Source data
[Start of Attachment]

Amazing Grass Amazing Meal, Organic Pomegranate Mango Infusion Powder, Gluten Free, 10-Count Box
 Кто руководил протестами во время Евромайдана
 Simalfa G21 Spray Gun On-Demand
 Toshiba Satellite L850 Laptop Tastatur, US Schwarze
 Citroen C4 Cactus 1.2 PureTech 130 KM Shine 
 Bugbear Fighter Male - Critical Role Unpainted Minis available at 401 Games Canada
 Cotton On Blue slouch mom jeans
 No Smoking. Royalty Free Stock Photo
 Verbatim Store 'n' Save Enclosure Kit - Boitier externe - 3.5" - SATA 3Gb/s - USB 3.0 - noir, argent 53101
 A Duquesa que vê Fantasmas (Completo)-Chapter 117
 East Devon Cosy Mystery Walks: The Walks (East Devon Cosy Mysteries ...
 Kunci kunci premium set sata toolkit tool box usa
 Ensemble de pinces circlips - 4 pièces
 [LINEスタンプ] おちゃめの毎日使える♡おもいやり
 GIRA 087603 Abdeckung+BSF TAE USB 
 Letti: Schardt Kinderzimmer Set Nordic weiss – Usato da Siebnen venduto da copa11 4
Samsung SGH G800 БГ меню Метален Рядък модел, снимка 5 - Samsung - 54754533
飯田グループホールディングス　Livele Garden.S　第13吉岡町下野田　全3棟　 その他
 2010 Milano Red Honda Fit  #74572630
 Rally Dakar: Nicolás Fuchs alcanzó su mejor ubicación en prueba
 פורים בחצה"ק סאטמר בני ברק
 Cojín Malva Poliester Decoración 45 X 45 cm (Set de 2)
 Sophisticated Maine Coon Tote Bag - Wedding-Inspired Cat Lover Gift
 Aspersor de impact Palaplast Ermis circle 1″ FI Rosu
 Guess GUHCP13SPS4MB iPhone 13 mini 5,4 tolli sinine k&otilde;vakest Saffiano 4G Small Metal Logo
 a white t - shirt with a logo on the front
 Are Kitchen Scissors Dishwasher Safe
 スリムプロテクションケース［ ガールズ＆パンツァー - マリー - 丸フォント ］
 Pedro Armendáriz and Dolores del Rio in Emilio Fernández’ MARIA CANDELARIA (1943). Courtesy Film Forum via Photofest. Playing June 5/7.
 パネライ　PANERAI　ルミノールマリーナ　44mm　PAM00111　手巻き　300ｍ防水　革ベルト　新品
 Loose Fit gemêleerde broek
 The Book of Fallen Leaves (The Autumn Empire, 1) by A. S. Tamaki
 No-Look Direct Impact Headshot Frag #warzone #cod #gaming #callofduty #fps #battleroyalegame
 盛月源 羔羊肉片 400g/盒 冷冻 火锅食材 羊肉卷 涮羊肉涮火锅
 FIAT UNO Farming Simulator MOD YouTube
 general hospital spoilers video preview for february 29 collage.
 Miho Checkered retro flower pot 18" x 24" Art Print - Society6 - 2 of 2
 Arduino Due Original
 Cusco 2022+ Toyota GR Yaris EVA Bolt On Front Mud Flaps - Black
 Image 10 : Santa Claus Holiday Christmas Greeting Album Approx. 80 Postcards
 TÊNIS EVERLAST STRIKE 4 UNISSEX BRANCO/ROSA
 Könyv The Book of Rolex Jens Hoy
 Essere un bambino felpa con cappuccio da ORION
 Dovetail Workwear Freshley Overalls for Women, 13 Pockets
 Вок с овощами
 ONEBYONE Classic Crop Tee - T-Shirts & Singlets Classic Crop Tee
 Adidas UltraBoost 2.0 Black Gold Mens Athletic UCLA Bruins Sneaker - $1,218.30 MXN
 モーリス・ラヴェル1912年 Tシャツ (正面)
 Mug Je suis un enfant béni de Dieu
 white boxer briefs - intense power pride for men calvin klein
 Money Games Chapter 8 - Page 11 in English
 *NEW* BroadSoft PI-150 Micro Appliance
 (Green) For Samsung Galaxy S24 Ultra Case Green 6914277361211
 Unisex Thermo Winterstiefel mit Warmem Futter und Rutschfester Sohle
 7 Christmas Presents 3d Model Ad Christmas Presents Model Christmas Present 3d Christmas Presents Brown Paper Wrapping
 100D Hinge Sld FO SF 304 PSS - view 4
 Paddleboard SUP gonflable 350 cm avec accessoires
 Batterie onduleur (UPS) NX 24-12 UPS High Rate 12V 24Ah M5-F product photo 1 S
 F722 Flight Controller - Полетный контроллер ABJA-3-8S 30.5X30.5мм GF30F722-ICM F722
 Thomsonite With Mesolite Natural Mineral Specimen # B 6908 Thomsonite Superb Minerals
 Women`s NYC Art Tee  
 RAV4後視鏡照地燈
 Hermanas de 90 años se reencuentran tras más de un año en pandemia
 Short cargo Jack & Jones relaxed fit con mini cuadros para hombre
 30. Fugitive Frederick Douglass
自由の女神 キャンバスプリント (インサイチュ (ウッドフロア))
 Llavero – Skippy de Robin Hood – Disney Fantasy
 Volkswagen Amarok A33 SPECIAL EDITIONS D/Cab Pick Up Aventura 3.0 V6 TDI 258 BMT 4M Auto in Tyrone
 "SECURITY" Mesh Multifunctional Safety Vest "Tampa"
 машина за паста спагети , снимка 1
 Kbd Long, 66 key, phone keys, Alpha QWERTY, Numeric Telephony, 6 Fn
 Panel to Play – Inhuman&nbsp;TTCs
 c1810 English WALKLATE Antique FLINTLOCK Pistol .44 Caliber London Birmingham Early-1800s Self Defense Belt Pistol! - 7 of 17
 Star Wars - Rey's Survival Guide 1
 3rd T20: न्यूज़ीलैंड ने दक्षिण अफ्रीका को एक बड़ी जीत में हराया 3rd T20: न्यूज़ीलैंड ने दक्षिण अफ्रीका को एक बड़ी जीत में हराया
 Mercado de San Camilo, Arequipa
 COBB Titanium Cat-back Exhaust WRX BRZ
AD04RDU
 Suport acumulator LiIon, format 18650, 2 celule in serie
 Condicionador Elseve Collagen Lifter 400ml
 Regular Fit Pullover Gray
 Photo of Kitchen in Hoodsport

[End of Attachment]

Lines holding the string "English" in the records: how many are there? Give only the number.

### Result of the exercise
2